The public sector is also working directly with industry to ensure that training programs match the skills required. For the Electric Vehicle Infrastructure Training Program (EVITP), stakeholders from the automotive, utility, EV charging, and manufacturing sectors met with professional associations and educational institutions to craft a curriculum that teaches electrical workers how to install EV charging stations and other EV-related infrastructure, resulting in more than 4,000 trained electricians to date.
Community benefits agreements (CBAs) are also a model that can ensure private investment benefits local workers. Detroit has entered into a CBA ordinance with Fiat-Chrysler, designed to ensure that industry jobs flow to the local workforce. Under the agreement, the auto manufacturer pledged to devote $4 million to create a manufacturing career academy.
There’s no one-size-fits-all approach for states and localities during this transition. The exact programs and policies that may work in one state may not be appropriate for another. But what policymakers can glean from Michigan’s experience is that a vision and strong policies can help craft a future that works better for all workers.

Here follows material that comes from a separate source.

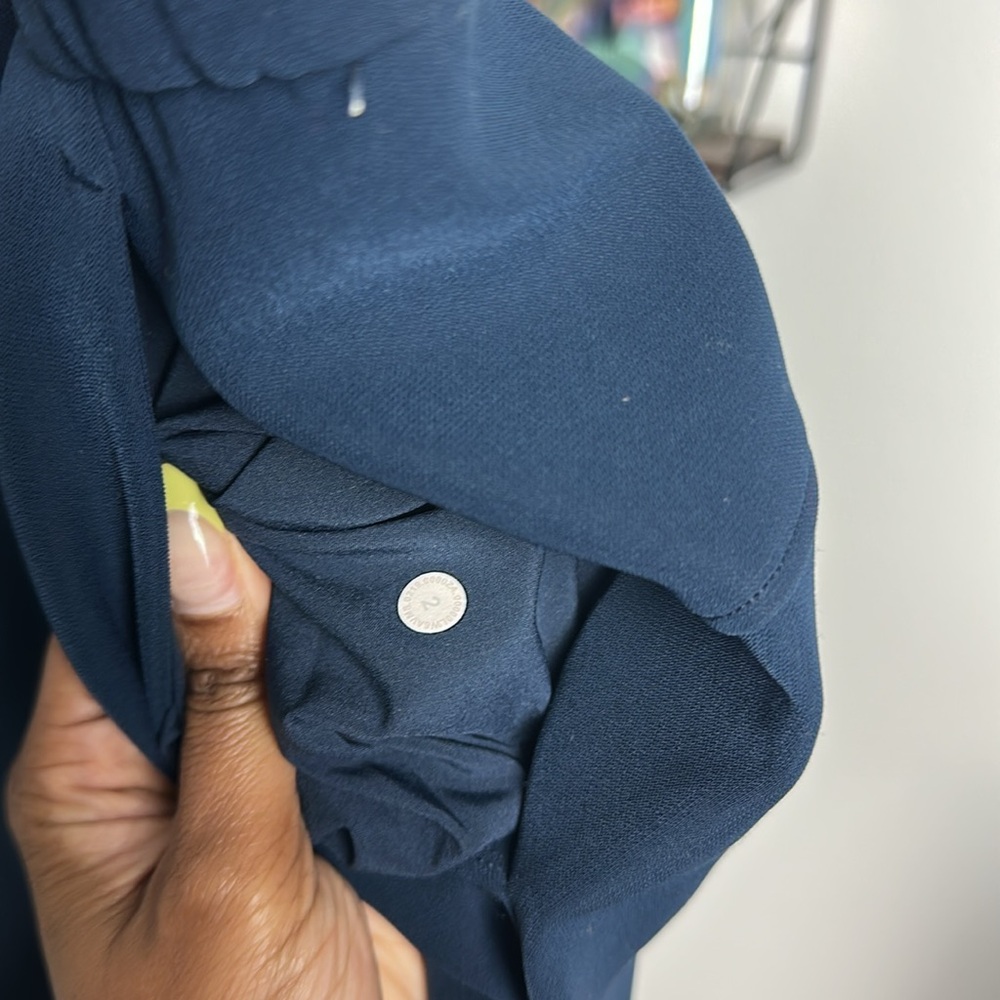 Lululemon on the fly navy blue pants women’s size 2 - Picture 10 of 10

Paving a More Equitable Future
Transitions can be difficult, but they also present opportunities to improve upon the status quo. If done right, the auto transition could ensure that more good-paying jobs are available for U.S. workers on an equitable basis, all while dramatically reducing emissions and air particulate pollutants. Without the right plan in place, we risk leaving millions of workers behind, exacerbating racial and geographical inequalities, and permanently ceding American competitiveness.
We owe it to our nation’s workforce to choose the former.